Re: strategies to share information between mapreduce tasks

Jane Wayne Wed, 26 Sep 2012 12:39:28 -0700

thanks. those issues pointed out do cover the pain points i'm experiencing.


On Wed, Sep 26, 2012 at 3:11 PM, Harsh J <ha...@cloudera.com> wrote:
> Also read: http://arxiv.org/abs/1209.2191 ;-)
>
> On Thu, Sep 27, 2012 at 12:24 AM, Bertrand Dechoux <decho...@gmail.com> wrote:
>> I wouldn't so surprised. It takes times, energy and money to solve problems
>> and make solutions that would be prod-ready. A few people would consider
>> that the namenode/secondary spof is a limit for Hadoop itself in order to
>> go into a critical production environnement. (I am only quoting it and
>> don't want to start a discussion about it.)
>>
>> One paper that I heard about (but didn't have the time to read as of now)

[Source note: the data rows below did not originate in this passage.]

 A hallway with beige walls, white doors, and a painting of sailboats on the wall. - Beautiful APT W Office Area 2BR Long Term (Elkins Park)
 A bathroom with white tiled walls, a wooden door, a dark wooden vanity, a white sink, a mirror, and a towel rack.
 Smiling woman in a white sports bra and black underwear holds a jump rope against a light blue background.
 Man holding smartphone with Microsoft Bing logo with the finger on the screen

>> might be related to your problem space
>> http://arxiv.org/abs/1110.4198
>> But research paper does not mean prod ready for tomorrow.
>>
>> http://research.google.com/archive/mapreduce.html is from 2004.

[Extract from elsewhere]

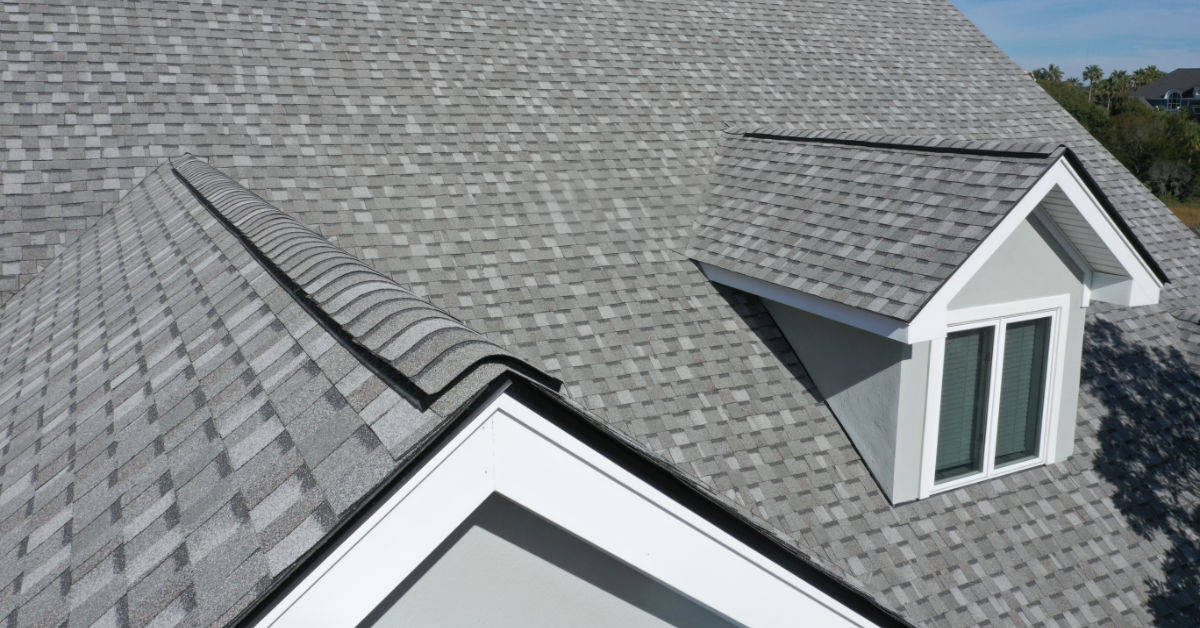 Make roofing last with quality material. Home with good shingles on roof.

>> and http://research.google.com/pubs/pub36632.html (dremel) is from 2010.
>>
>> Regards
>>
>> Bertrand
>>
>> On Wed, Sep 26, 2012 at 8:18 PM, Jane Wayne <jane.wayne2...@gmail.com>wrote:
>>
>>> jay,
>>>
>>> thanks. i just needed a sanity check. i hope and expect that one day,
>>> hadoop will mature towards supporting a "shared-something" approach.

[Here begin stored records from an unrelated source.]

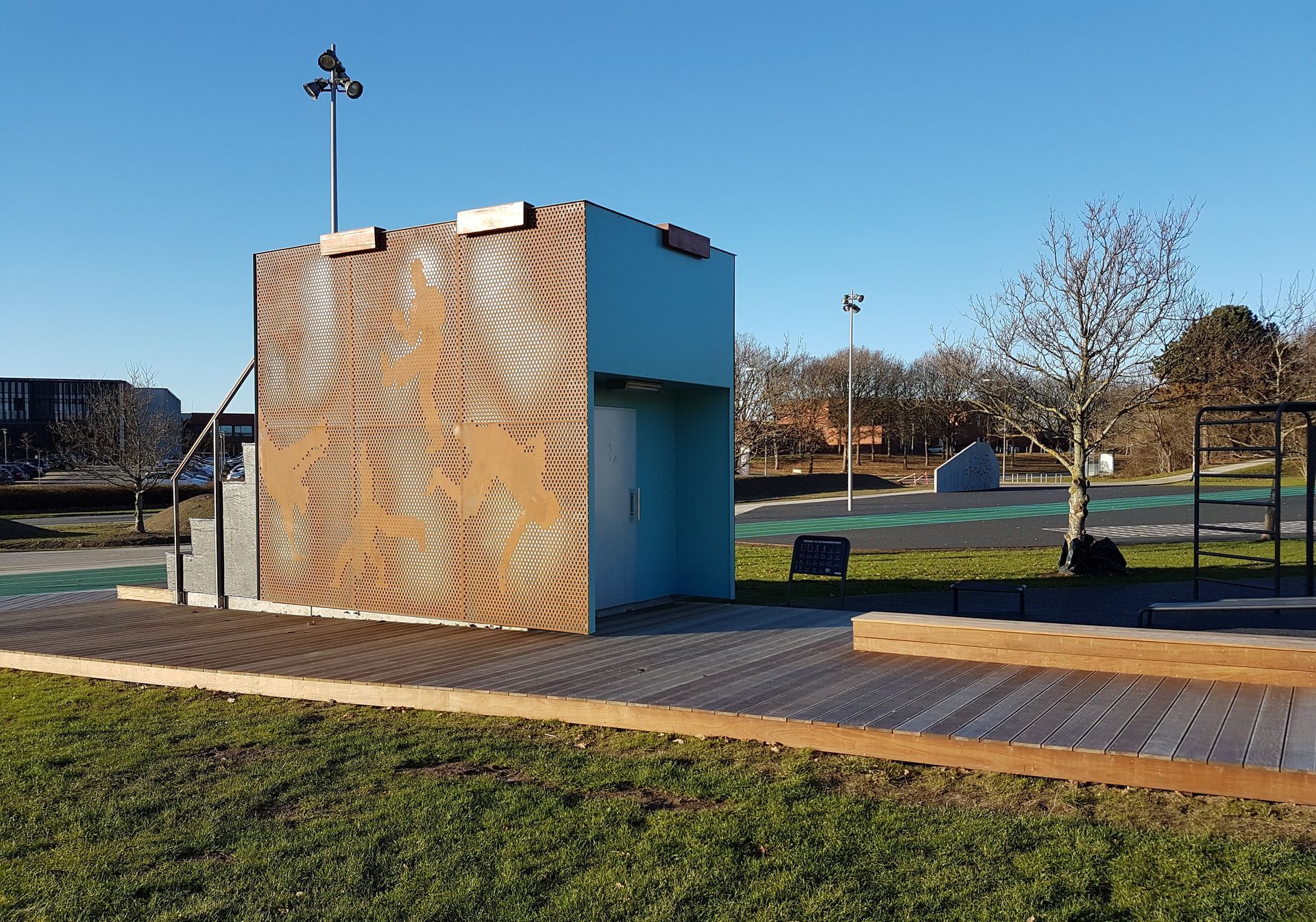 En lille bygning sidder midt på en græsmark.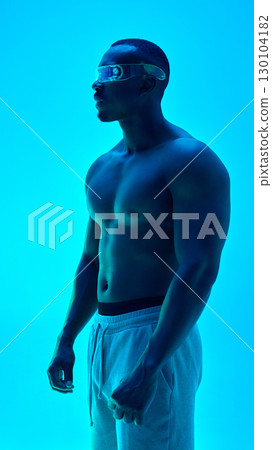 Side profile of shirtless male model in transparent futuristic visor with cyan glow 130104182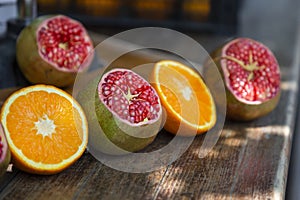 Making of fresh juice. Green ripe pomegranates and oranges on the table. Sliced fruits. Healthy organic products.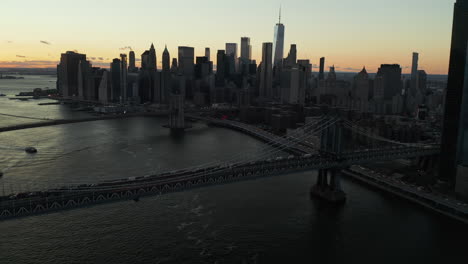 Aerial-footage-of-large-suspension-bridges-over-East-river-after-sunset.-Tilt-up-reveal-of-skyline-with-modern-tall-downtown-skyscrapers-against-colourful-sky.-Manhattan,-New-York-City,-USA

>>> the web service call is not a bad idea at all. that way, we can
>>> abstract what that ultimate data store really is.
>>>
>>> i'm just a little surprised that we are still in the same state with
>>> hadoop in regards to this issue (there are probably higher priorities)
>>> and that no research (that i know of) has come out of academia to
>>> mitigate some of these limitations of hadoop (where's all the funding
>>> to hadoop/mapreduce research gone to if this framework is the
>>> fundamental building block of a vast amount of knowledge mining
>>> activities?).
>>>
>>> On Wed, Sep 26, 2012 at 12:40 PM, Jay Vyas <jayunit...@gmail.com> wrote:
>>> > The reason this is so rare is that the nature of map/reduce tasks is that
>>> > they are orthogonal  i.e. the word count, batch image recognition, tera
>>> > sort -- all the things hadoop is famous for are largely orthogonal tasks.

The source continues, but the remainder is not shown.